Open
Description
🐛 Bug
Hi TorchMetrics Team,
In the following example, nDCG calculation using GPU tensors spent 2 times longer the time using CPU tensors and numpy array.
To Reproduce
The codes were tested on both Google Colab and a Slurm cluster.
Code sample
import timeit
import numpy as np
import torch
from sklearn.metrics import ndcg_score
from torchmetrics.functional.retrieval import retrieval_normalized_dcg
# p and t are examples given by both sklearn and torchmetrics
p = [.1, .2, .3, 4, 70] * 100
t = [10, 0, 0, 1, 5] * 100
number = int(1e4)
# 1. BENCHMARK: numpy array
preds = np.asarray([p])
target = np.asarray([t])
def a():
return ndcg_score(target, preds)
print(f'numpy array: {timeit.timeit("a()", setup="from __main__ import a", number=number):.4f}')
# 2. cpu tensor
preds_cpu = torch.tensor(p)
target_cpu = torch.tensor(t)
assert preds_cpu.device == torch.device("cpu")
def b():
retrieval_normalized_dcg(preds_cpu, target_cpu)

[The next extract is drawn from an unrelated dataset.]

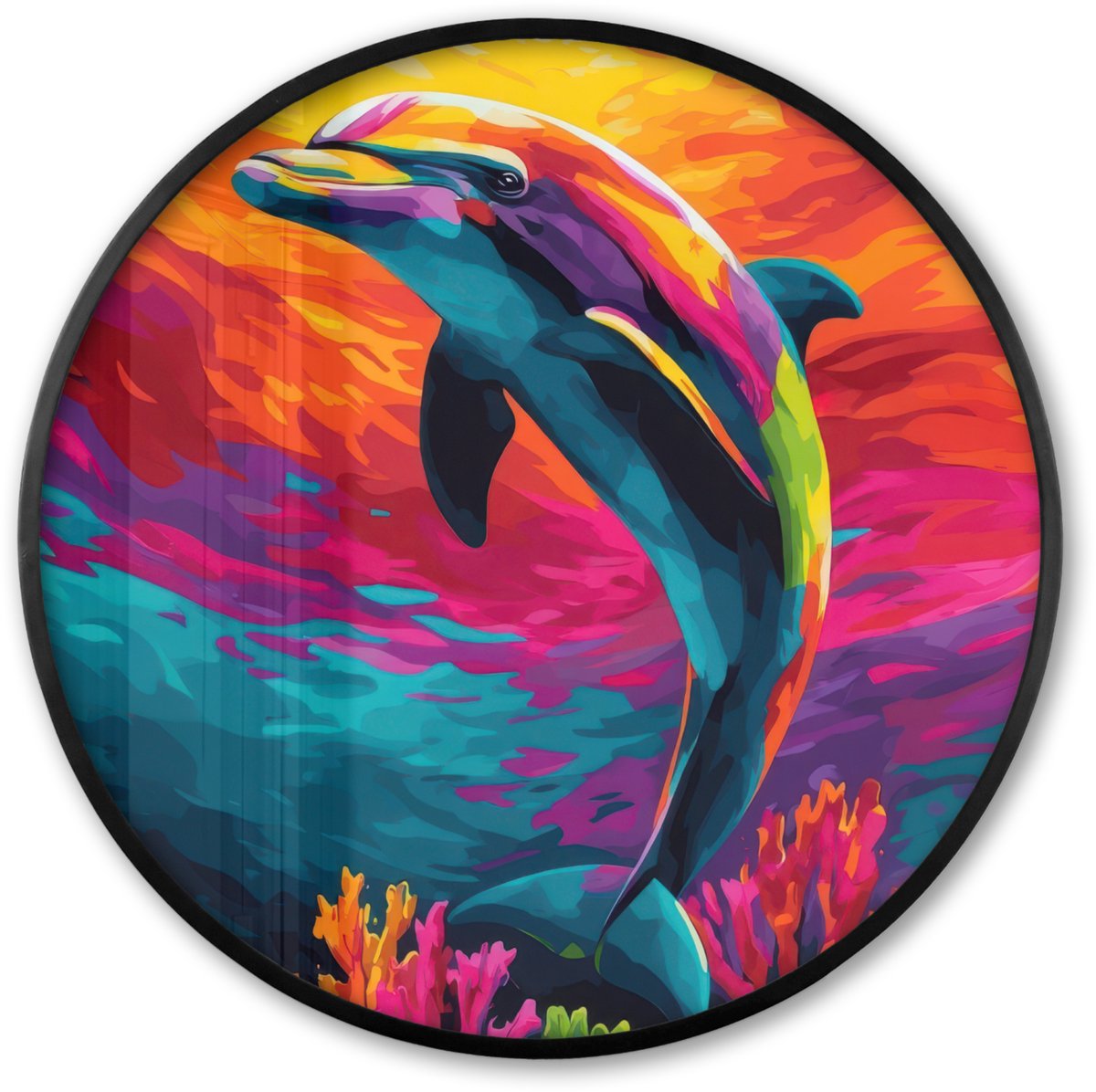 FrameYourWall Poster in lijst Rond - Fotolijst 60x60 cm - Posters - Dolfijn - Kleurrijk - Oceaan - Koraal - Ronde posterlijst zwart - Decoratie - Wanddecoratie woonkamer - Muurdecoratie slaapkamer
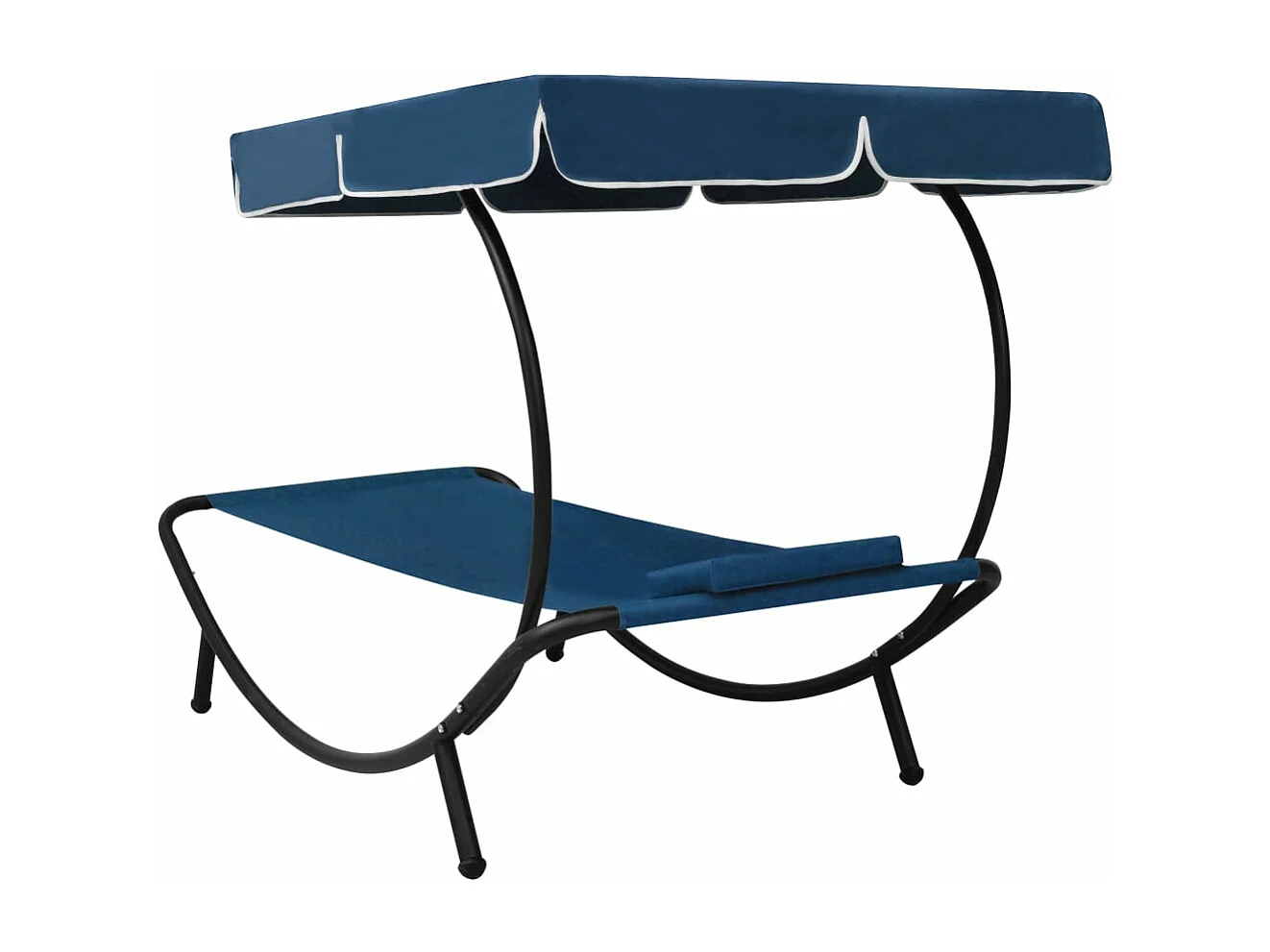 Lit de repos d'extérieur avec auvent et oreiller Bleu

print(f'CPU tensor: {timeit.timeit(f"b()", setup="from __main__ import b", number=number):.4f}')
# 3. gpu tensor
preds_gpu = torch.tensor(p, device="cuda")
target_gpu = torch.tensor(t, device="cuda")
assert preds_gpu.device == torch.device("cuda:0")
def c():
retrieval_normalized_dcg(preds_gpu, target_gpu)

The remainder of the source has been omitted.